Chewy breakfast bars packed with oats (or grain-free alternatives), seeds, berries and psyllium for sustained energy. These slice cleanly and travel well in lunchboxes or gym bags.
Ingredients (16 bars)
Dry ingredients
- 1 ½ cups certified gluten-free rolled oats (or 1 cup coconut flakes + ½ cup seeds for grain-free)
- ½ cup almond meal
- 2 tbsp ORGANIC INDIA Organic Whole Husk Psyllium
- ¼ cup shredded coconut
- ¼ cup chopped raw nuts (almonds, pecans)
- ¼ cup mixed seeds (sunflower, pumpkin, chia)
- ½ tsp cinnamon
- ¼ tsp sea salt
Wet ingredients
- 1 large ripe banana, mashed (~½ cup)
- ¼ cup maple syrup or brown rice syrup
- ¼ cup melted coconut oil
- 1 tsp vanilla extract
- 1 cup fresh or frozen mixed berries
Step-by-step method
- Preheat oven to 180°C (fan 160°C).

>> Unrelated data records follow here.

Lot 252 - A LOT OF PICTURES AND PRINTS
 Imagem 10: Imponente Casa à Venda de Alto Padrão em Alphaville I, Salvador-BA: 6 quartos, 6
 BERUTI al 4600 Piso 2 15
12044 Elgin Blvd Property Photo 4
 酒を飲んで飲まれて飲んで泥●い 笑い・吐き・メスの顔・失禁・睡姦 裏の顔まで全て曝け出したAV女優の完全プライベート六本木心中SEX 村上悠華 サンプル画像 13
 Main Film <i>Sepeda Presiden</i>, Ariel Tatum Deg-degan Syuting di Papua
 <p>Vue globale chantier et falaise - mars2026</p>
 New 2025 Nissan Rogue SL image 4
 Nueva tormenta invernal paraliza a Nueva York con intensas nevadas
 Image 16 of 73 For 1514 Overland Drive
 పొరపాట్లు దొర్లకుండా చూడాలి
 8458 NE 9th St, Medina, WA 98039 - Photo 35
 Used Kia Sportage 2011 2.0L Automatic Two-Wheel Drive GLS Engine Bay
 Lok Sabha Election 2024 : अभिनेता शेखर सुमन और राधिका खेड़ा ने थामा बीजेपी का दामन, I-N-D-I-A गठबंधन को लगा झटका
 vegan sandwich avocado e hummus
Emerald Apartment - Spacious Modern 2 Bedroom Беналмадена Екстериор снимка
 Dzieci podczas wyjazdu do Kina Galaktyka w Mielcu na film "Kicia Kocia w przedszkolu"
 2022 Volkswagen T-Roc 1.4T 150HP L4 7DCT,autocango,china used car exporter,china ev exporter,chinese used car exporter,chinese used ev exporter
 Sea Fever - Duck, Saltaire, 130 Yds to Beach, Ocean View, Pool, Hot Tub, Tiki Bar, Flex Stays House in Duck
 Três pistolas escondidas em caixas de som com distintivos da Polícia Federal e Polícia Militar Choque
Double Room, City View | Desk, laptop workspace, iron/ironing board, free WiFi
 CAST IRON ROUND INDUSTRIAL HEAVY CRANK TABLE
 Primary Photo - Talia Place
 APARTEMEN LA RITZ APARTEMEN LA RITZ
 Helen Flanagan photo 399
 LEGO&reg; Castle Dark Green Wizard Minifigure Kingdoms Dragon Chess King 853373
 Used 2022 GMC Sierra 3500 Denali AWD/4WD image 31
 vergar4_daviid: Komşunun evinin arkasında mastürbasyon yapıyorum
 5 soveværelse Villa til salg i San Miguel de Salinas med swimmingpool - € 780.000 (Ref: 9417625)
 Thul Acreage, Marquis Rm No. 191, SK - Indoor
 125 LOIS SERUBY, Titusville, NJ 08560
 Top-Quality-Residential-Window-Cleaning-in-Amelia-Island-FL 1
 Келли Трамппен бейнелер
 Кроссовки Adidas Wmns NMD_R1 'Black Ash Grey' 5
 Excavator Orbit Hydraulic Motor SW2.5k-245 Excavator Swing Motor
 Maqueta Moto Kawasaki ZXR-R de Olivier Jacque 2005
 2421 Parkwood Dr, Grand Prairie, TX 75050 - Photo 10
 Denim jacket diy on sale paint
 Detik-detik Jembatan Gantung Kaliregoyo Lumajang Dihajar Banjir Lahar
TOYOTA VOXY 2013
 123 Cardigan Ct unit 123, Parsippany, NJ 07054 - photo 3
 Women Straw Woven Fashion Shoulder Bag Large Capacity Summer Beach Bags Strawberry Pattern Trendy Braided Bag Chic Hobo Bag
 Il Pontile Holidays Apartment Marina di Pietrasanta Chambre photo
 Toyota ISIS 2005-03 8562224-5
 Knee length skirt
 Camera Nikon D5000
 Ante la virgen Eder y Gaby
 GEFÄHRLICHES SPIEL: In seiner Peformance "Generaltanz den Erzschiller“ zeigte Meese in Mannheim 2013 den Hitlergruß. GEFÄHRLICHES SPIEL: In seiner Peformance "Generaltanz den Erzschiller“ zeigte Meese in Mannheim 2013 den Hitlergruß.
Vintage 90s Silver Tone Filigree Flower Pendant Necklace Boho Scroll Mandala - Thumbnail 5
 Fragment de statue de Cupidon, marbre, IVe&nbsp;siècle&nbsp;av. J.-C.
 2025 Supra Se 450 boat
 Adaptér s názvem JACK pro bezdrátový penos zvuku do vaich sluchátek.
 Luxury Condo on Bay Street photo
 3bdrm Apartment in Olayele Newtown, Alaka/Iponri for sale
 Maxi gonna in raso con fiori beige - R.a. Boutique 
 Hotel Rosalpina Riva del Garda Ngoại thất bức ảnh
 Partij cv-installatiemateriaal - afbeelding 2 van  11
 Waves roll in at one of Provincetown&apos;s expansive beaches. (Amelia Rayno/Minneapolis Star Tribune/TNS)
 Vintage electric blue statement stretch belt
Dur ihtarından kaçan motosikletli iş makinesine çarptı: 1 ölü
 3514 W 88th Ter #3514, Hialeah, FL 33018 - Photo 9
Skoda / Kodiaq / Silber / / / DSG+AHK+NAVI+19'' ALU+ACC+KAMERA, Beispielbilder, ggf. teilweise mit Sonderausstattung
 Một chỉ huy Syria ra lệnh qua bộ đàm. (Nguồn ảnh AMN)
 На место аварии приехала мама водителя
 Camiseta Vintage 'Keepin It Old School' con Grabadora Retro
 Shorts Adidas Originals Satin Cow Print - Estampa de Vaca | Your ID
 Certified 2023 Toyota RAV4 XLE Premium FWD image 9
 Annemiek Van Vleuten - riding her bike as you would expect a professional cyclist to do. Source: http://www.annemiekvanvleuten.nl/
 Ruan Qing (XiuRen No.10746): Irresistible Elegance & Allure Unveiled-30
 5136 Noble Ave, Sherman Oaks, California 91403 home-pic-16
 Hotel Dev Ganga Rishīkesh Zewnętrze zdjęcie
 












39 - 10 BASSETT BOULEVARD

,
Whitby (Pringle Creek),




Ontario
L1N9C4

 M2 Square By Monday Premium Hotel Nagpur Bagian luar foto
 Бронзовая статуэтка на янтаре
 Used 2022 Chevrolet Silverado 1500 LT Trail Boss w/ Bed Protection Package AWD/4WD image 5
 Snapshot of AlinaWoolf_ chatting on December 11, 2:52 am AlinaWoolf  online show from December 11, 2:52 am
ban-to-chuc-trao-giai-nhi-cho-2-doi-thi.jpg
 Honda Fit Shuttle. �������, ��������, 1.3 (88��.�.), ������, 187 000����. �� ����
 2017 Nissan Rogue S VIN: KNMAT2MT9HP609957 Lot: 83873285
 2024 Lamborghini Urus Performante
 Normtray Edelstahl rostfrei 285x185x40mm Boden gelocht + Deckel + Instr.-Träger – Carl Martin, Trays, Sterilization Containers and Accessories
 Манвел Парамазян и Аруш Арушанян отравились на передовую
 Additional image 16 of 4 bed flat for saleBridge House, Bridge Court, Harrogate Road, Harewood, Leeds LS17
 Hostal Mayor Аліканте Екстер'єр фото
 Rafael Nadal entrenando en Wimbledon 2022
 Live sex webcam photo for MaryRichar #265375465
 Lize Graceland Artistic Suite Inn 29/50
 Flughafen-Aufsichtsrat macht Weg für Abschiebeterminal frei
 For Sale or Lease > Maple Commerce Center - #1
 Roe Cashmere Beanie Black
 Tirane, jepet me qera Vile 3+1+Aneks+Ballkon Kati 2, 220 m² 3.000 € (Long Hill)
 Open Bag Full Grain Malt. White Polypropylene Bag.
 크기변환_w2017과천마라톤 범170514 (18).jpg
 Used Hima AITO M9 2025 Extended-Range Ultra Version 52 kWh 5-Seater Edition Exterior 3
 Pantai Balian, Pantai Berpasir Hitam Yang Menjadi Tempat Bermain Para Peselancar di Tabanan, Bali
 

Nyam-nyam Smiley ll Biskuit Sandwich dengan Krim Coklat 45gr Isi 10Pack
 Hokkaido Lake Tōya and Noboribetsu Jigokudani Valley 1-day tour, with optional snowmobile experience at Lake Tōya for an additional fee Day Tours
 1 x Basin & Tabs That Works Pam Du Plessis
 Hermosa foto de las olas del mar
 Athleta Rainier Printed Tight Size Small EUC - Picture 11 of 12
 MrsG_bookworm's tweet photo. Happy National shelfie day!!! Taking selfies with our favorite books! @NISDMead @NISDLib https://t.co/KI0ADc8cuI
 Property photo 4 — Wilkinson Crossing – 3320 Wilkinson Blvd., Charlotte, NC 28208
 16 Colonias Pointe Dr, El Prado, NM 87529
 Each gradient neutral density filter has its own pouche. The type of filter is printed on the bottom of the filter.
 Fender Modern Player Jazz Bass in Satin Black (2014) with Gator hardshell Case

Line 20 x 20 cm square pan with baking paper overhanging sides.
- Mix all dry ingredients in large bowl.
- In separate bowl, whisk mashed banana, syrup, coconut oil and vanilla until smooth.
- Add wet to dry ingredients, stir well to combine, then gently fold through berries.
- Press mixture firmly into prepared pan using wet spoon or lightly oiled hands.
- Bake 22–28 minutes until edges are golden and centre feels set when pressed.
- Cool in pan completely (2+ hours) before lifting out and slicing into 16 bars.
Why this ingredient?
Psyllium husk provides the "chew" and binding that keeps breakfast bars from crumbling in your bag. Combined with oats/seeds and berries, it creates satisfying texture while boosting dietary fibre content significantly.
Variations & FAQs
- Grain-free: Use coconut flakes, extra nuts/seeds instead of oats.
- Chocolate chip: Add ⅓ cup dairy-free chocolate chips with dry ingredients.
- Storage: Keep in airtight container 5 days, freeze up to 2 months.